● **TRY IT**
The entries must be retyped exactly, down to the last line.

● **Stored records**
........

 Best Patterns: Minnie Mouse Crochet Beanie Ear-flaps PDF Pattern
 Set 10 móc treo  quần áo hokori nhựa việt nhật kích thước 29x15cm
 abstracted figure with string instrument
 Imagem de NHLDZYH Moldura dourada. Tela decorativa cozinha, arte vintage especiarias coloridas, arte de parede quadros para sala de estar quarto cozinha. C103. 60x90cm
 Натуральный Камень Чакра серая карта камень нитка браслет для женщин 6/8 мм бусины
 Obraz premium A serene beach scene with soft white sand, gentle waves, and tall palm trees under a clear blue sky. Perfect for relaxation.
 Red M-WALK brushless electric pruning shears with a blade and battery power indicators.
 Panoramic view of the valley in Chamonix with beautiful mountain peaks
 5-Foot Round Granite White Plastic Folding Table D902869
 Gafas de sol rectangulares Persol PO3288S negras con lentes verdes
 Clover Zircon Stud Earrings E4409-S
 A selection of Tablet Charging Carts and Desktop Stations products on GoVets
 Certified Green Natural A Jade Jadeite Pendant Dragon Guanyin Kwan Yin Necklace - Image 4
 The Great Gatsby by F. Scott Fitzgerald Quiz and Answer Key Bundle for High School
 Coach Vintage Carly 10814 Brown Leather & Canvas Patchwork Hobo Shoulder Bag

........

● **RESPONSE TO THIS EXERCISE**
 Best Patterns: Minnie Mouse Crochet Beanie Ear-flaps PDF Pattern
 Set 10 móc treo  quần áo hokori nhựa việt nhật kích thước 29x15cm
 abstracted figure with string instrument
 Imagem de NHLDZYH Moldura dourada. Tela decorativa cozinha, arte vintage especiarias coloridas, arte de parede quadros para sala de estar quarto cozinha. C103. 60x90cm
 Натуральный Камень Чакра серая карта камень нитка браслет для женщин 6/8 мм бусины
 Obraz premium A serene beach scene with soft white sand, gentle waves, and tall palm trees under a clear blue sky. Perfect for relaxation.
 Red M-WALK brushless electric pruning shears with a blade and battery power indicators.
 Panoramic view of the valley in Chamonix with beautiful mountain peaks
 5-Foot Round Granite White Plastic Folding Table D902869
 Gafas de sol rectangulares Persol PO3288S negras con lentes verdes
 Clover Zircon Stud Earrings E4409-S
 A selection of Tablet Charging Carts and Desktop Stations products on GoVets
 Certified Green Natural A Jade Jadeite Pendant Dragon Guanyin Kwan Yin Necklace - Image 4
 The Great Gatsby by F. Scott Fitzgerald Quiz and Answer Key Bundle for High School
 Coach Vintage Carly 10814 Brown Leather & Canvas Patchwork Hobo Shoulder Bag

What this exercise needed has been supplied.